Hello,

I'm writing a Spark based application which works around a pretty huge data
stored on s3. It's about **15 TB** in size uncompressed. Data is laid
across multiple small LZO compressed files files, varying from 10-100MB.

By default the job spawns 130k tasks while reading dataset and mapping it
to schema.

And then it fails around 70k tasks completions and after ~20 tasks failure.

**Exception:**

    WARN lzo.LzopInputStream: IOException in getCompressedData; likely LZO
corruption.
        org.apache.http.ConnectionClosedException: Premature end of
Content-Length delimited message body

Looks like the s3 connection is getting closed prematurely.

**I have tried nearly 40 different combos of configurations.**

**To summarize them:** 1 executor to 3 executors per node, 18GB to 42GB
`--executor-memory`, 3-5 `--executor-cores`, 1.8GB-4.0 GB
`spark.yarn.executor.memoryOverhead`, Both, Kryo and Default Java
serializers, 0.5 to 0.35 `spark.memory.storageFraction`, default, 130000 to
200000 partitions for bigger dataset. default, 200 to 2001
`spark.sql.shuffle.partitions`.

**And most importantly:** 100 to 2048 `fs.s3a.connection.maximum` property.

[This seems to be most relevant property to exception.]

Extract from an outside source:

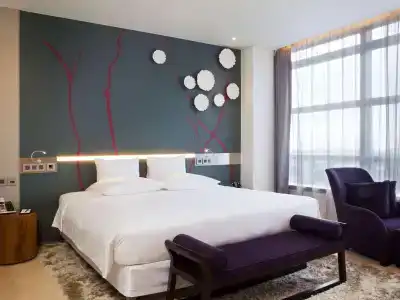 Pullman Saigon Centre - 5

[In all cases, driver was set to memory = 51GB, cores = 12,
`MEMORY_AND_DISK_SER` level for caching]

Nothing worked!

If I run the program with half of the bigger dataset size (7.5TB), it
finishes successfully in 1.5 hr.

1. What could I be doing wrong?
2. How do I determine the optimal value for `fs.s3a.connection.maximum`?
3. Is it possible that the s3 clients are getting GCed?

Any help will be appreciated!

***Environment:***

AWS EMR 5.7.0, 60 x i2.2xlarge SPOT Instances (16 vCPU, 61GB RAM, 2 x 800GB
SSD), Spark 2.1.0

YARN is used as resource manager.

***Code:***

It's a fairly simple job, doing something like this:

    val sl = StorageLevel.MEMORY_AND_DISK_SER


sparkSession.sparkContext.hadoopConfiguration.set("io.compression.codecs",
"com.hadoop.compression.lzo.LzopCodec")
    sparkSession.sparkContext.hadoopConfiguration.set("fs.s3a.impl",
"org.apache.hadoop.fs.s3a.S3AFileSystem")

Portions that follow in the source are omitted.